情報の非対称性とは、売り手と買い手、供給側と需要側、依頼人と代理人などにおいて情報に差異がある、対称ではない状態をいいます。様々な経済的事象について用いられることがあります。
検索して情報を調べたり、比較するということがあります。隠された情報はないか?妥当な価格であるのかどうか?どのような企業なのか?様々な角度からその製品の良さが評価されていたり、企業の姿勢に賛同するということもあります。
あるいは、企業や組織がホームページなどで、製品やサービスの概要、使用した場合に得られる利益 ベネフィット、認証マーク、導入事例、セキュリティや社会への取り組みなどを訪問者や消費者に伝えるということもあります。
つまりひとことでいえば、インターネットやソーシャルメディアというのは、情報の非対称性を緩和する、解消することができるといえます。
(情報の非対称性:米国 経済学者 ジョージ・アカロフの提唱。M・スペンス、J・E・スティグリッツとともにノーベル経済学賞受賞。)
ステルスマーケティング
ステルスマーケティングとは、ブログ、レビューなどで、商品やサービスの評価を作為的に上げたり、商品やサービスの売上が伸びるようにすることです。ステマともいいます。
事業者が個人に依頼して行われることもあれば、事業者がアカウントなどを取得して 内部で行っていることもあります。
実際にはその商品やサービスを利用していないにも関わらず、利用したように装って、商品やサービスの感想を書いたりすることもあります。

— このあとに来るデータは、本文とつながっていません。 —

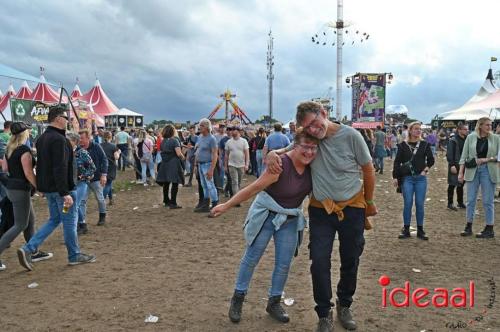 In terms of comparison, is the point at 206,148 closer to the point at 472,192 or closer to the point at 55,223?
the point at 55,223

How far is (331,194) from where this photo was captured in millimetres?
3396

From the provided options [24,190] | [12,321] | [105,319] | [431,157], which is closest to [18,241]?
[24,190]

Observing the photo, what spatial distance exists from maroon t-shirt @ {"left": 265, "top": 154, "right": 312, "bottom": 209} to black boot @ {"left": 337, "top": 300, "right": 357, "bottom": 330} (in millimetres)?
983

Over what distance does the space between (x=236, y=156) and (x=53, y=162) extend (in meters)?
5.23

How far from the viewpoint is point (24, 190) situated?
5.20 m

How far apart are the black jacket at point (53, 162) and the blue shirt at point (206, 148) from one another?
12.2ft

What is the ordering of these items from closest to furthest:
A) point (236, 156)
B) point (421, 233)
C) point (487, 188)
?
1. point (487, 188)
2. point (421, 233)
3. point (236, 156)

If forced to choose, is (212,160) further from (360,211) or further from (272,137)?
(360,211)

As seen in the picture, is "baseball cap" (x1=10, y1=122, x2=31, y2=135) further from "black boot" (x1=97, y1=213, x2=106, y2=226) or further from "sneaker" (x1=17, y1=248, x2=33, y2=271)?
"black boot" (x1=97, y1=213, x2=106, y2=226)

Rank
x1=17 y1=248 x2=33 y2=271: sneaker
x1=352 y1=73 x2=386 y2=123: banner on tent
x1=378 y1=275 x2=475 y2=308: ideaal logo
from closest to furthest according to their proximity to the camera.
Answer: x1=378 y1=275 x2=475 y2=308: ideaal logo < x1=17 y1=248 x2=33 y2=271: sneaker < x1=352 y1=73 x2=386 y2=123: banner on tent

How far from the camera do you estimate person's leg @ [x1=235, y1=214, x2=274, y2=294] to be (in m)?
3.66

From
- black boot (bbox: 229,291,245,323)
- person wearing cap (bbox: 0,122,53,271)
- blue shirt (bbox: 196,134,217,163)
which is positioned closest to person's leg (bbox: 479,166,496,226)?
black boot (bbox: 229,291,245,323)

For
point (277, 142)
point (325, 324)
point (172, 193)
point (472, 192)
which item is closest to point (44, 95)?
point (172, 193)

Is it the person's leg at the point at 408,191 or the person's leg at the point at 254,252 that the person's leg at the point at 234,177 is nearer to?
the person's leg at the point at 408,191
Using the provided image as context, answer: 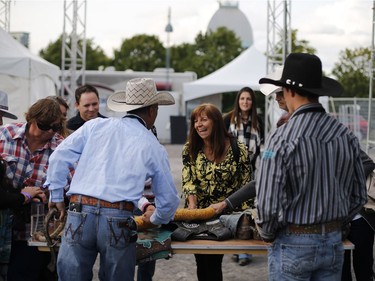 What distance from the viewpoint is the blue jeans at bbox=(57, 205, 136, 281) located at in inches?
124

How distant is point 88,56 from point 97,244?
163 ft

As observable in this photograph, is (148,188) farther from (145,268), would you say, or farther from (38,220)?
(38,220)

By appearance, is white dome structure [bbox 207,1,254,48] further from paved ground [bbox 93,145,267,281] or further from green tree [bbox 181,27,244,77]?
paved ground [bbox 93,145,267,281]

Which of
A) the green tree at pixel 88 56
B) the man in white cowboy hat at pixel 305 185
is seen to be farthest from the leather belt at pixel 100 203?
the green tree at pixel 88 56

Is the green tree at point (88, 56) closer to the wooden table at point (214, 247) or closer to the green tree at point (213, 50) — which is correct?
the green tree at point (213, 50)

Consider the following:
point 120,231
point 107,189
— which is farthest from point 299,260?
point 107,189

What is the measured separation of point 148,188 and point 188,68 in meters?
41.6

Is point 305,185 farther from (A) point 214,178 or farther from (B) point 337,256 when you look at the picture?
(A) point 214,178

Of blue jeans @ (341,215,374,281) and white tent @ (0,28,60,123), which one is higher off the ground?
white tent @ (0,28,60,123)

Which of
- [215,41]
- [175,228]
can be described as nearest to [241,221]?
[175,228]

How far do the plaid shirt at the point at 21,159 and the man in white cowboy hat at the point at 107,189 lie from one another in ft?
2.20

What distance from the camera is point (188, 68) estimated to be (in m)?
45.8

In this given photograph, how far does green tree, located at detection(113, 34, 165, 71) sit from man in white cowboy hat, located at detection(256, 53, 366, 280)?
157 feet

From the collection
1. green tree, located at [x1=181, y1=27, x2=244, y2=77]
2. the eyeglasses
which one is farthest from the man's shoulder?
green tree, located at [x1=181, y1=27, x2=244, y2=77] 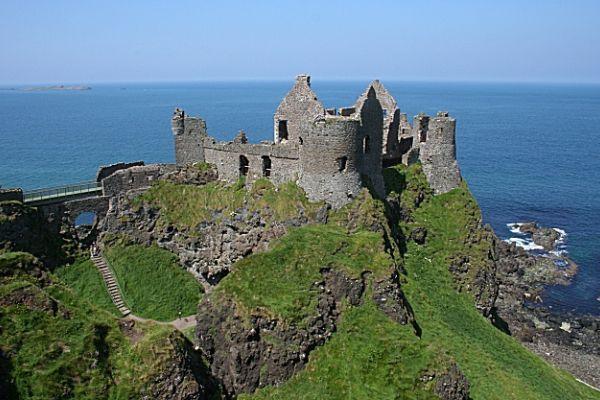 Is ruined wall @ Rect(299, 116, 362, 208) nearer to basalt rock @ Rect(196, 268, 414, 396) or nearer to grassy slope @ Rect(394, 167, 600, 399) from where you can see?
basalt rock @ Rect(196, 268, 414, 396)

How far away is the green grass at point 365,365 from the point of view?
2664cm

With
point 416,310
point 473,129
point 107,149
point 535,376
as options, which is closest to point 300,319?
point 416,310

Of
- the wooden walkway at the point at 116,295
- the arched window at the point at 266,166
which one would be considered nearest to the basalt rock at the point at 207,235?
the wooden walkway at the point at 116,295

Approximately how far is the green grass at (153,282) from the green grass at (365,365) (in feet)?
37.1

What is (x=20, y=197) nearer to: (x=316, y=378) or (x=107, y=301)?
(x=107, y=301)

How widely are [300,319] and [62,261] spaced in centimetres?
1986

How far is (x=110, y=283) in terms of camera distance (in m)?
38.0

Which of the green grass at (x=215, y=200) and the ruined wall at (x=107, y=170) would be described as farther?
the ruined wall at (x=107, y=170)

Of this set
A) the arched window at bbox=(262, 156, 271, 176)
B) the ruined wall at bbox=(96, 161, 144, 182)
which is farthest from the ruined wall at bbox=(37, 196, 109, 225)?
the arched window at bbox=(262, 156, 271, 176)

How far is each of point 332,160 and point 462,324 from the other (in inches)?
572

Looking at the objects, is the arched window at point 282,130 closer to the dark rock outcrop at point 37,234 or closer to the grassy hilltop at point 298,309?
the grassy hilltop at point 298,309

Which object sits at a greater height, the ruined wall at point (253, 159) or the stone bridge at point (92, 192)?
the ruined wall at point (253, 159)

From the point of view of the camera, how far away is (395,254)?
1465 inches

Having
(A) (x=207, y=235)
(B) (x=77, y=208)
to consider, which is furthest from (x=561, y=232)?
(B) (x=77, y=208)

実際のユーザー数が増えれば増えるほど、商品やサービスの内容に極端な差があった場合にステルスマーケティングと疑われたり、逆に評価を落とすようなことがあります。
マーケティングには、期待不一致理論といわれるものがあります。
顧客満足は、事前の期待と提供された製品・サービスのバランスによって決まるというものです。事前に過度の期待を作り出しても、提供されたサービスが期待に見合うものでなければ、負の不一致、つまり顧客満足は得られず失望やネガティブな感情を抱くというものです。
この理論は、ステルスマーケティングとまではいかなくても、インターネットを利用したアプローチでも示唆を与えていると考えることができます。
(期待不一致理論:米国 経営学者 リチャード・オリバーの提唱)
ソーシャルネットワーキングサービス
ソーシャルネットワークキングサービスは、略してSNSといいます。
インターネットというのは、Webサイトをはじめ すでに情報が共有されているのですが、一般的に SNSというときは、インターネットの中でもさらに共通のサービスを利用する人と情報のやり取り・コミュニケーションを行うことができるサービス、またはそれを目的としたサービスを指します。
例えば、Twitter、Facebook、Instagram、mixiなどがあります。いずれもIDやパスワードなど アカウントを取得して利用するようなサービスです。
ソーシャルメディアの中でも ユーザー同士でネットワークを形成しているものです。
Twitter、Facebook、InstagramなどのSNSの特徴は、ユーザーがあまり複雑な操作を行わなくても、テキストを入力したり写真などを掲載して、簡潔に情報を発信できるという特徴があります。
近年は、企業や法人、自治体が FacebookやTwitterを利用して様々な情報を流しています。また、個人ユーザーがFacebook、Twitter、Google+を他のサービスでのログイン用のアカウントとして使ったりなど、必ずしも決まった使い方があるというわけでもありません。
プラットフォーム
SNSの多くは、ユーザーにプラットフォーム(場)を提供し、ビジネスを行っているため、プラットフォームビジネスということもあります。
例えば、TwitterやYoutubeなどではコンテンツを作ったり公開しているのはユーザーです。UGC ユーザー生成コンテンツといいます。企業がすべてのコンテンツを作成し提供する形態とは異なることが分かります。
SNSだけではなく、Amazon、価格.COM、ヤフーオークションなどもプラットフォームビジネスであるということができます。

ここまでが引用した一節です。